The trust has approached the Parliamentary Education Select Committee for assurances that, if they are allowed to use CAG “for the duration of this upheaval”, that youngsters will not be disadvantaged when applying for university or jobs.

Meanwhile, a task force team made up of senior leaders, the trust, Department for Education and Durham County Council has been looking for safe alternative accommodation which could be used pending any rebuild.

They are currently assessing using Ushaw College, a 19th century site four miles west of Durham where priests were trained.

Students in year 13, the final A-level year, are being taken by bus to the trust’s headquarters in Washington for lessons.

Pupils in years seven, 10 and 11 will have two days of face-to-face teaching this week, while those in years eight and nine are only in for one day, with remote lessons being used for the other days.

The school hopes to increase face-to-face lessons next week.

A trust spokesman said: “We completely understand the frustrations and disappointment of many parents of children at St Leonard’s.
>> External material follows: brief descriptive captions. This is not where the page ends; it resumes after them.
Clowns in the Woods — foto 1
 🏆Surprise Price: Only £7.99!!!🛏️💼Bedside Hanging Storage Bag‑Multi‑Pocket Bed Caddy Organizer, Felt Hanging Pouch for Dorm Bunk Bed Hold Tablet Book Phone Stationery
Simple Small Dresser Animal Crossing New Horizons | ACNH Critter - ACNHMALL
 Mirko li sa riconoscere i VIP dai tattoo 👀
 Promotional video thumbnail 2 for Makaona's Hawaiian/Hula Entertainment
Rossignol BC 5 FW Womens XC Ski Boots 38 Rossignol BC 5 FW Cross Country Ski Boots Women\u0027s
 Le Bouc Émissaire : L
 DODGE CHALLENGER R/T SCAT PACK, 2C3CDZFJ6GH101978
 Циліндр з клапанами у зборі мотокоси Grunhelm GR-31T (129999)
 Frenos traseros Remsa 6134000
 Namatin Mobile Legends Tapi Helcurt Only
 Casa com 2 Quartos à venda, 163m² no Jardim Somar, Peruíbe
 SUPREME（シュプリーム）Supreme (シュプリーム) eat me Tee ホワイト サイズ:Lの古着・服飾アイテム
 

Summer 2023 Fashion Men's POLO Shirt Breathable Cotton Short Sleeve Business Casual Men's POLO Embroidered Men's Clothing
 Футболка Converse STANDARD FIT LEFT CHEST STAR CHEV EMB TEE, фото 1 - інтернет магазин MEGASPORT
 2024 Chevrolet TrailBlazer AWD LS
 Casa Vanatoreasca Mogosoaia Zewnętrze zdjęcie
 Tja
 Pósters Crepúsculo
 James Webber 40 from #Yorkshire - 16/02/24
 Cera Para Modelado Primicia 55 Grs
Indeed, we share them.

“We need to get back to having all our school community benefit from our excellent team of staff, teaching face-to-face lessons as soon as practicably possible.

“Parents have been supportive of the fact that this decision was outside of the trust and school control, and we appreciate that.

“We are keeping parents updated on our plans on a weekly basis.

“The co-ordination of planning the weekly timetable in the limited space we have is time-consuming and relentless for our staff.

“Thankfully, we have more on-site classrooms being deemed as safe by our surveyors in a staggered release.

“This will help extend our face-to-face provision to some degree.”